He had left the bat and the mitt at school, the one that Mrs. O'Brien ran for all the kids aboard the station. Instead of restricting him to living quarters, Jake's father had made a specific point—an order, really—about him going back there this shift, despite all the stuff that had happened in those creepy holosuites. The bat, with the mitt slung around it, had stood propped up in a corner of the schoolroom for several shifts—Jake couldn't remember how long it had been. That showed how wrapped up he'd gotten in that other world, hanging out with that strange boy with the knife and the cruel smile. He was real glad that was over. Having his father find out about it hadn't been the most pleasant thing in the world, and he had his suspicions about who had snitched on him—on DS9, the discovering and revealing of secrets was pretty much Odo's job. But in his heart, he was grateful for that; he might not have been able to end it, to stop going in there, by himself. And then who knew what might have happened to him, if it had gone on any longer? Dr. Bashir hadn't run all those tests on him just to keep in practice.
"Some people really go for it," mused Nog. "The holosuites and all that. My uncle says he's got some real regular customers. And your dad—he uses one every now and then."
"Yeah, he's got a bunch of old ballplayers programmed into one at Quark's bar. He likes talking to 'em. But they all seem to, like, spit a lot. You know? I guess that's authentic and all, but it's really weird."
They had reached the end of the corridor, to where it opened out to a view above the Promenade. Jake leaned it the rail, looking down at the milling crowd.

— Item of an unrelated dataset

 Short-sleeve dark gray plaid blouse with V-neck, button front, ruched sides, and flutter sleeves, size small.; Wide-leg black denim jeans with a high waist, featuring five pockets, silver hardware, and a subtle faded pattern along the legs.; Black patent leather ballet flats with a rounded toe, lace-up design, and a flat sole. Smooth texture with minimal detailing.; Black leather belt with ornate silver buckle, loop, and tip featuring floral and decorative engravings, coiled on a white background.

"The way I see it," said Jake, "is that it's more important for them. For old guys like my dad, I mean." He had given a lot of thought to the matter, and was still working it out inside his head. "Because it's like going back home for them. They didn't grow up in places like this." Jake gestured at enclosing metal walls and ceilings of the station. "My dad remembers all that stuff, trees and grass and everything But I don't." He fell silent for a moment, thinking about the first time he had gone with his father inside one of the holosuites—he couldn't remember how old he was then; it hadn't been here aboard DS9—and the difference he'd been able to discern, even at that age, between the way his father had looked around at the re-created summery world and how strange it had seemed to him. Or maybe not strange, or at least not any more so than the zillion other places he'd already seen, real worlds and Starfleet vessels and Federation outposts that he had stuffed inside his own personal memory bank. Could he help it if a holosuite's simulation of Earth didn't punch his buttons the same way it did for his father? Though he'd been smart and had kept his mouth shut about it, except for saying how great it was—he knew how much it all meant to his dad. He wouldn't have wanted to hurt his feelings.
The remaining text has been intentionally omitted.